Risk factors and patient monitoring to avoid acute kidney injury (Proceedings)


Risk factors and patient monitoring to avoid acute kidney injury (Proceedings)

Aug 01, 2010

Acute kidney injury (AKI) often results from ischemic or toxic insults and usually affects the most metabolically active tubular portions of the nephron. If the ischemic or toxic insult is severe enough, acute renal failure (ARF) may result. In many cases, AKI and ARF inadvertently develop in the hospital setting in conjunction with diagnostic or therapeutic procedures. For example, renal damage may result from decreased renal perfusion associated with anesthesia and surgery or with the use of nonsteroidal anti-inflammatory drugs (NSAIDs). Similarly, renal damage may occur in patients treated with potential nephrotoxicants like gentamicin, amphotericin, and cisplatin. The nephron damage that occurs with ischemic or toxic insults is not always reversible; animals that do recover adequate renal function usually require prolonged and expensive intensive care. Several retrospective studies have documented the poor prognosis associated with ARF in dogs and cats. In a study of hospital-acquired ARF, the survival rate was only 40%. In another retrospective study of 99 dogs with all types ARF, 22% died, 34% were euthanized, 24% survived but progressed to chronic kidney disease (CKD), and only 19% regained normal or adequate renal function. Similarly, in a retrospective study of 32 cats with all types of ARF, 16% died, 31% were euthanized, 28% survived but progressed to CKD, and only 25% regained normal or adequate renal function. These studies underscore the importance of early detection of AKI and prevention of ARF. Several risk factors have been identified that predispose dogs to gentamicin-induced ARF, however it is likely that many of these risk factors also predispose dogs and cats to other types of toxicant-induced ARF as well as ARF induced by ischemia. A combination of decreased renal perfusion and/or use of nephrotoxic therapeutic agents superimposed on more chronic, pre-existing risk factors is usually responsible for AKI/ARF in the clinical setting. Early detection of AKI facilitates appropriate intervention that can arrest or at least attenuate tubular cell damage and the development of established ARF.

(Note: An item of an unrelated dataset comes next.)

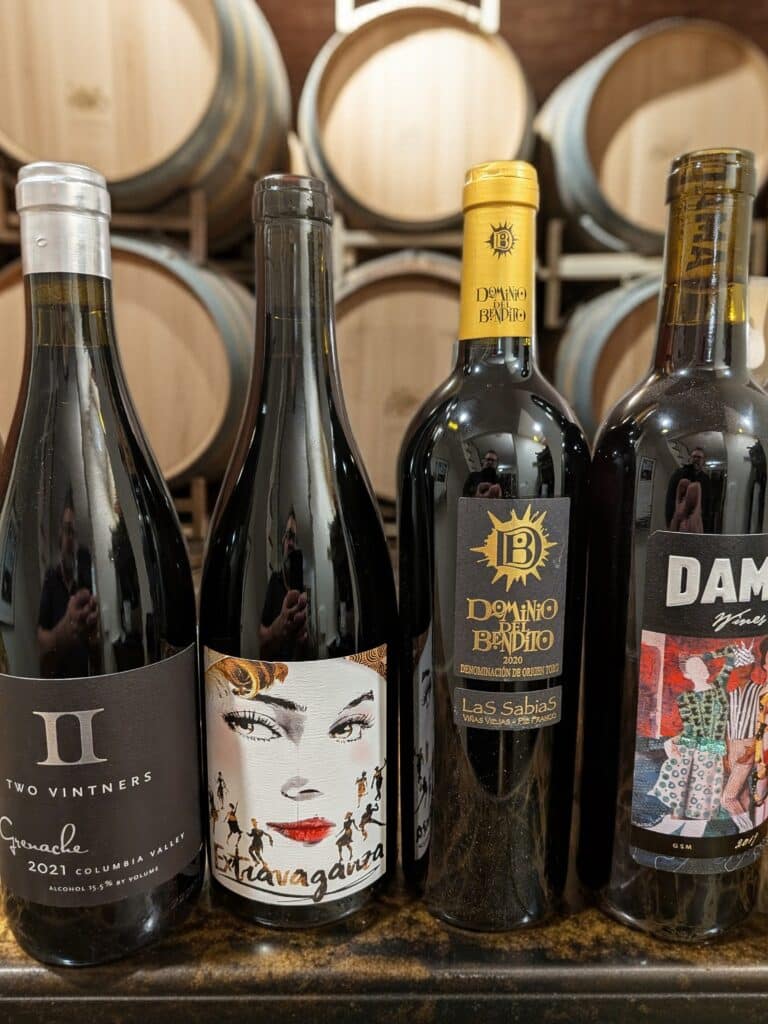 Four wine bottles displayed in front of barrels.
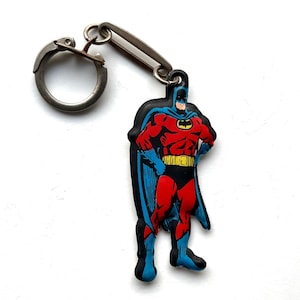 Puede incluir: Un llavero de goma rojo y azul con una imagen de dibujos animados de Batman. El llavero tiene un anillo de metal plateado y un cierre de metal plateado.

Acute renal failure has three phases, which are categorized: 1) initiation, 2) maintenance, and 3) recovery. The initial insult occurs resulting in sub-lethal cellular injury in the initiation phase. Therapeutic measures started during this initiation phase may reduce the renal insult and prevent development of established ARF. The maintenance phase is characterized by tubular cell death and established nephron dysfunction. Therapeutic intervention during the maintenance phase, although often life saving, usually does little to diminish existing renal lesions or improve renal function. The recovery phase is the period when renal lesions resolve and renal function improves. Tubular damage may be reversible if the tubular basement membrane is intact and viable epithelial cells are present. Although additional nephrons cannot be produced and irreversibly damaged nephrons can not be repaired, functional hypertrophy of surviving nephrons can often adequately compensate for the decrease in nephron numbers. Even if renal functional recovery is incomplete, adequate function may be reestablished in some cases.